MATERIAL PROVIDED:
========

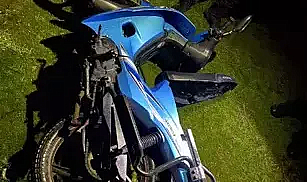 Edirne’de motosiklet hırsızlığına 2 tutuklama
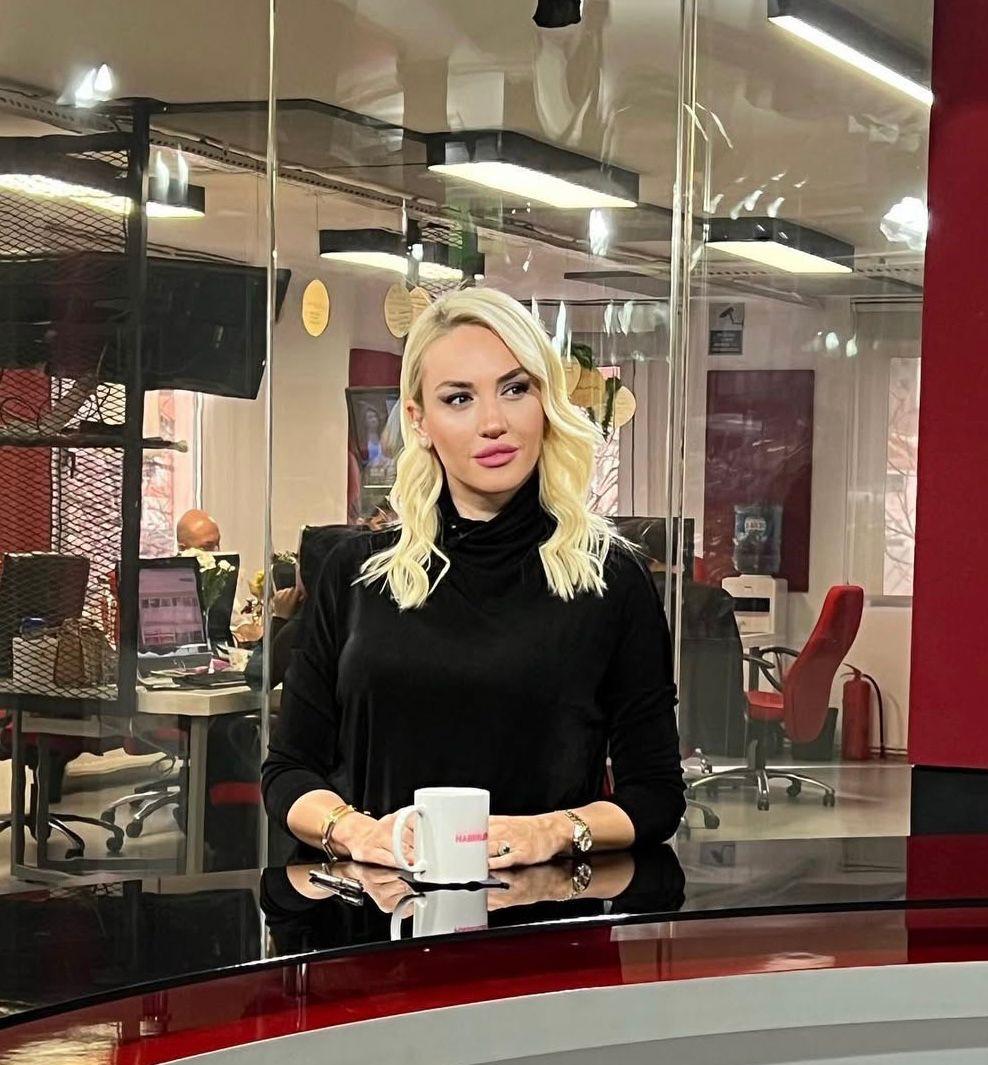 Lerzenur Asan Elik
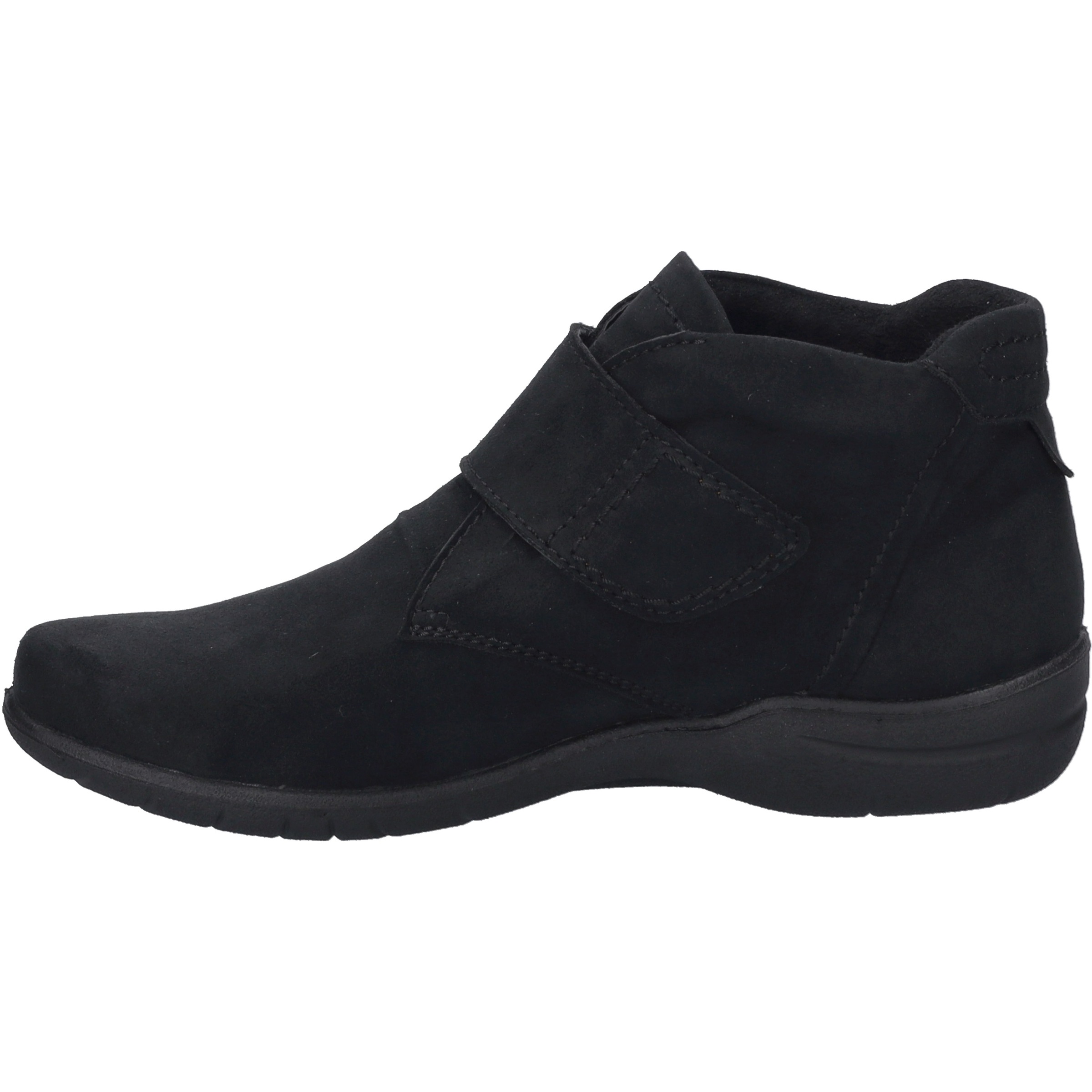 Josef Seibel Stiefelette »Helen 51, schwarz«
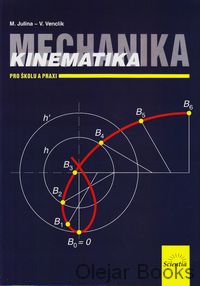 Mechanika - Kinematika pro školu a praxi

========

YOUR GOAL: Transcribe exactly, and only, the lines from the one with "Lerzenur Asan Elik" through the final line of the data above. The pictures stay out.

RESULT:
 Lerzenur Asan Elik
 Josef Seibel Stiefelette »Helen 51, schwarz«
 Mechanika - Kinematika pro školu a praxi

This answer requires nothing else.